(DATA BELOW Opens)

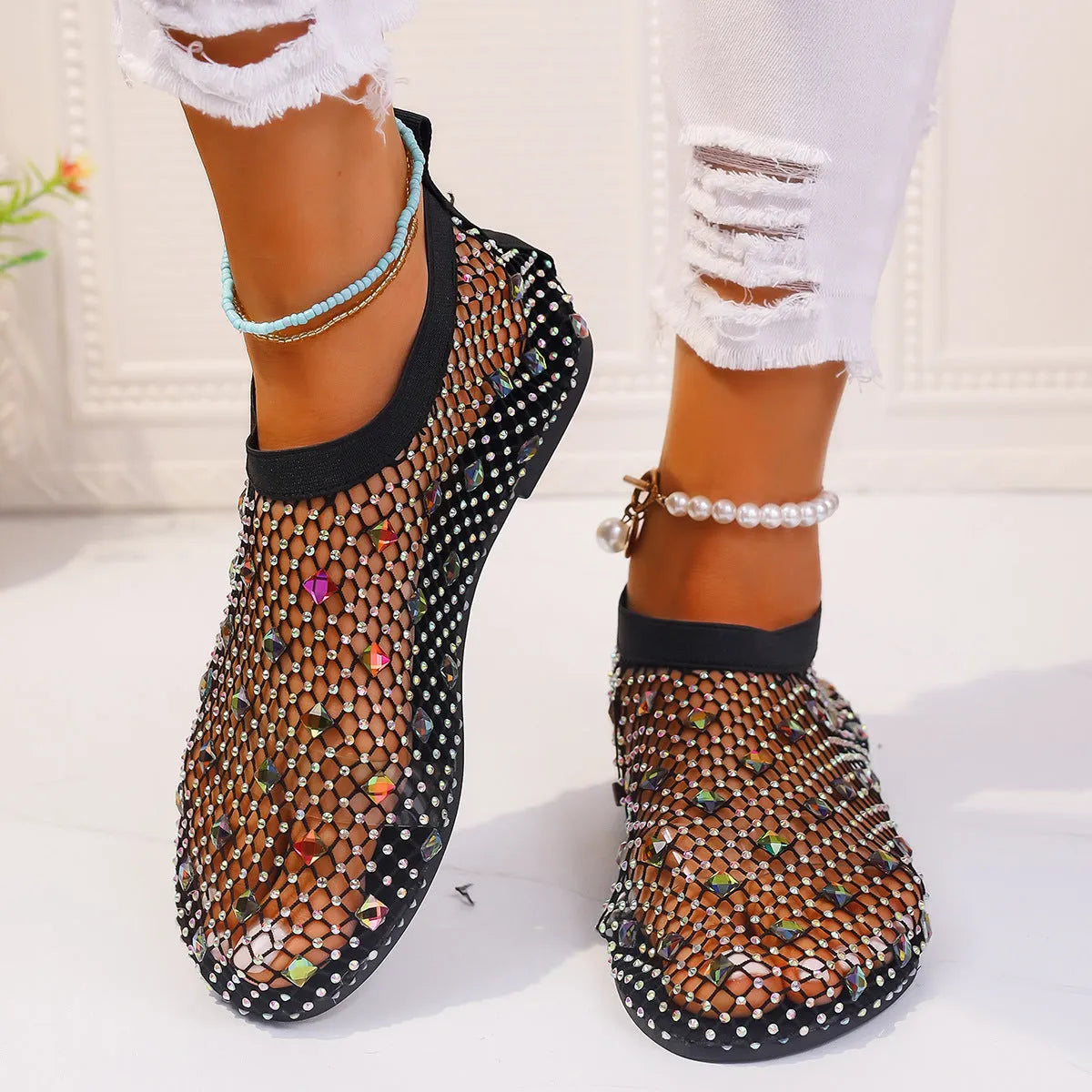 Women's flat sandals with mesh upper, colourful rhinestone design, and round toe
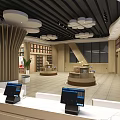 Modern Retail Store Interior With Shelves Display Counters Cloud Ceiling And Large Screen 3d model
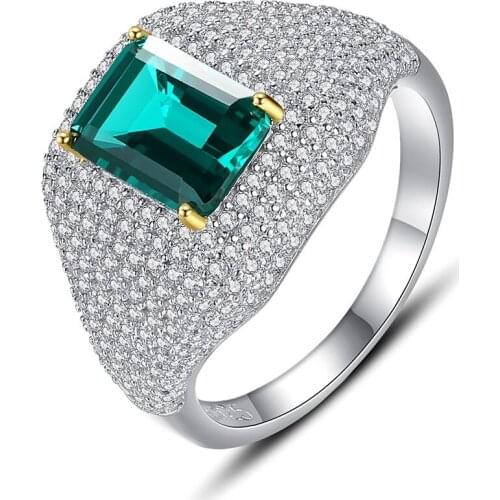 MIQIAO S925 Sterling Silver Emerald Luxury Full Crystal Vintage Boho Bague Rings for Women Wedding Couple Friends Gift Jewelry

(DATA BELOW Closes)

Copy the data word for word and omit every picture.

• [RESPONSE TO THE TASK]:
 Women's flat sandals with mesh upper, colourful rhinestone design, and round toe
 Modern Retail Store Interior With Shelves Display Counters Cloud Ceiling And Large Screen 3d model
 MIQIAO S925 Sterling Silver Emerald Luxury Full Crystal Vintage Boho Bague Rings for Women Wedding Couple Friends Gift Jewelry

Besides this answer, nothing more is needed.